Something Is Erasing The Craters On Ceres

Something Is Erasing The Craters On Ceres

Ceres, the tiny asteroid belt world we’ve come to know and love through NASA’s Dawn mission, seems to delight in mysteries, from flickering bright spots to unexpected ocean minerals. Now, astronomers have discovered yet another puzzle while examining images of Ceres’ surface. Something has been erasing its craters.

A grazing view of Ceres’ largest well-preserved 280km impact crater, Kerwan, near the limb. Colour coding indicates elevation; blue regions are low and red regions are high. Image: Southwest Research Institute

Craters offer a window into a planet’s history, which is why they’re one of the first things astronomers examine when trying to understand a new object. For instance, one of immediate shocks from the New Horizons Pluto flyby last winter was that Pluto’s surface is mostly crater-free, indicating a geologically active interior.

Based on the heavily battered appearance of other asteroid belt objects, astronomers expected that our first close-up glimpse of Ceres would yield numerous large craters. Instead, we didn’t find any.

When Simone Marchi of the Southwest Research Institute and his colleagues analysed global image and topography datasets collected by the Dawn spacecraft over the past year, they discovered that most of Ceres’ craters are less than 100km wide. That’s in spite of the fact that neighbouring minor planet Vesta, which Dawn visited first, has craters of up to 500km across.

Something Is Erasing The Craters On Ceres
The topography of Ceres, with numerous deep craters but no particularly big ones. Image: NASA/JPL-Caltech/UCLA/MPS/DLR/IDA

The topography of Ceres, with numerous deep craters but no particularly big ones. Image: NASA/JPL-Caltech/UCLA/MPS/DLR/IDA

“This was a total surprise,” Marchi, who led a crater analysis published yesterday in Nature Communications, told Gizmodo. Considering Ceres’ size and its 4.5 billion year history, “it is extremely unlikely that Ceres was not hit by large objects,” Marchi said.

That means something has been eating away at Ceres’ big craters over time. Space Cthulhu aside, astronomers have a few hypotheses as to what it could be.

The first is that Ceres’ internal structure is responsible. Other recent work, including several detailed analyses of the dwarf planet’s bright spots, points to a layer of ice and salt just beneath the surface. Over geologic time, the flow of this briny mantle could have flattened out the overlying topography, a process known as “viscous relaxation”. As study co-author Michael Bland of the US Geological Survey pointed out, viscous relaxation flattens out big craters faster than small craters.

An even more intriguing hypothesis is that large craters have been erased by ice volcanoes. “We have these bright spots all over the surface — clearly, that’s stuff that came out of the interior,” Marchi said. It’s possible that Ceres was much wetter in the distant past, and that an early period of intense cryovolcanism dramatically altered the surface we see today.

Dawn’s most recent datasets could offer answers.
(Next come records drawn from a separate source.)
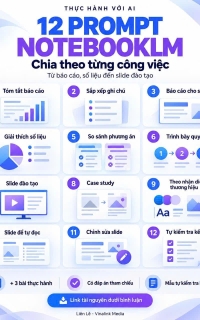 [FREE] 12 prompt NotebookLM tạo slide theo từng công việc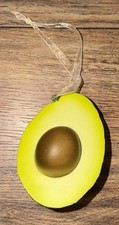 Kurt Adler Avocado Faux Food Soft Christmas 4" 0rnament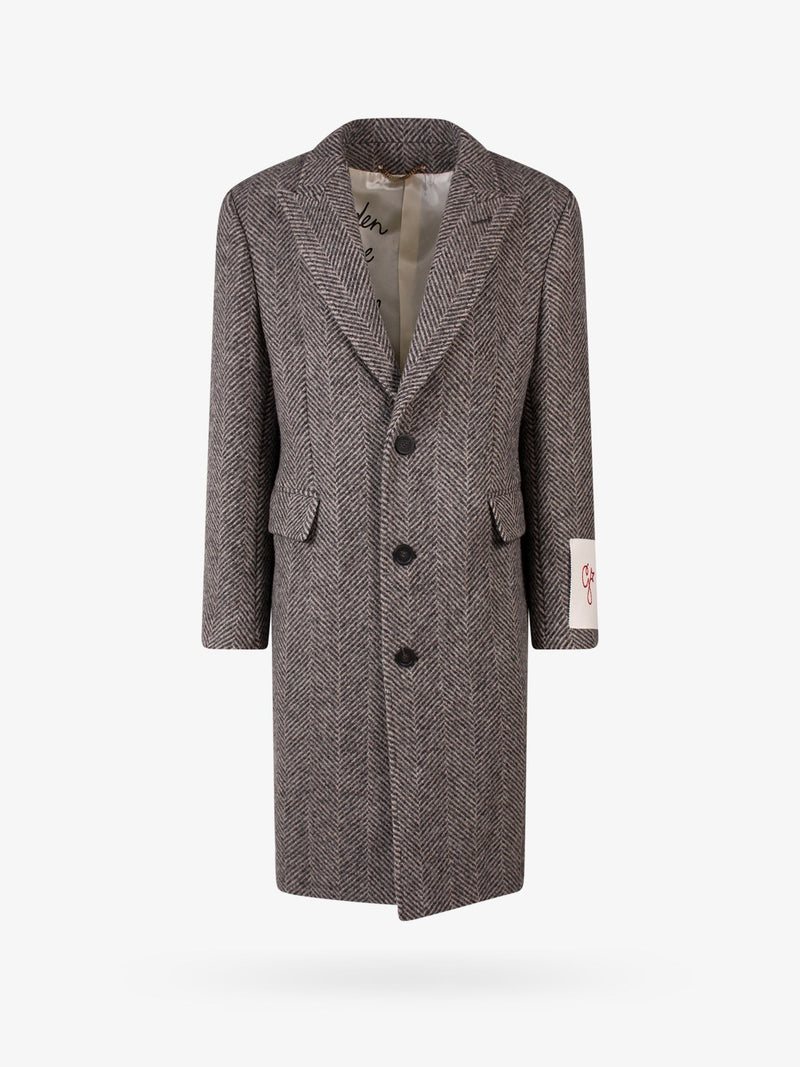 Golden Goose Golden Goose Daster Virgin Wool Coat Grey - World Class Fashion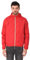 Veste d'été pour homme avec capuche coupe-vent imperméable légère, rouge, L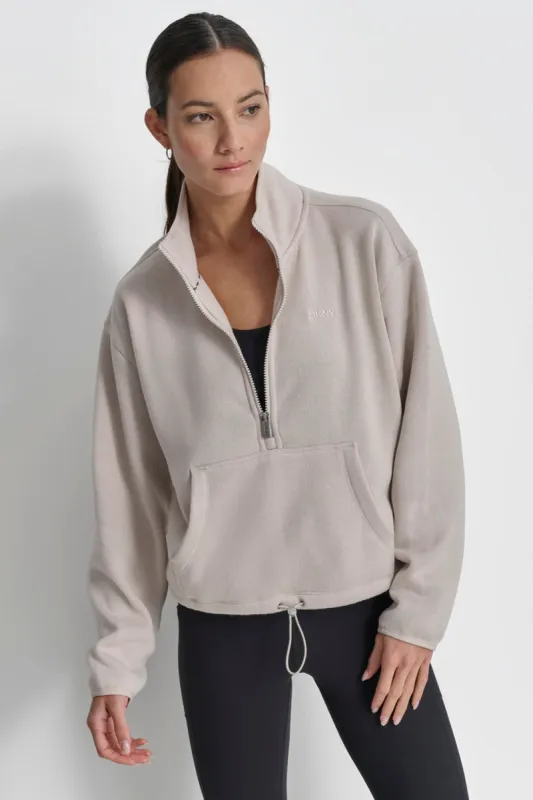 HALF ZIP FLEECE PULLOVER sold by DKNY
The spacecraft is currently in a low-altitude orbit, snapping high resolution surface photos and taking detailed gravity measurements as it rotates Ceres every 5.4 hours. “With this high-resolution data, we can look more specifically at sites on the surface that may have evidence of large-scale cryolavas,” Marchi said. And with the gravity field data, we’ll get a clearer picture of Ceres’ interior, including its layering structure and any subsurface anomalies.

To Bland, the mystery of Ceres’ missing craters underscores the importance of designing missions to visit multiple targets. “Because of Dawn’s exploration of Vesta, we have a really good idea how many craters we should see on Ceres,” he told Gizmodo. “That is, Vesta provides a critical data set to calibrate our models of crater production on Ceres.”

“Ceres is unlike any other [asteroid belt] objects we’ve been able to sample through meteorites,” Marchi said. “I have no doubt there is a big story here.”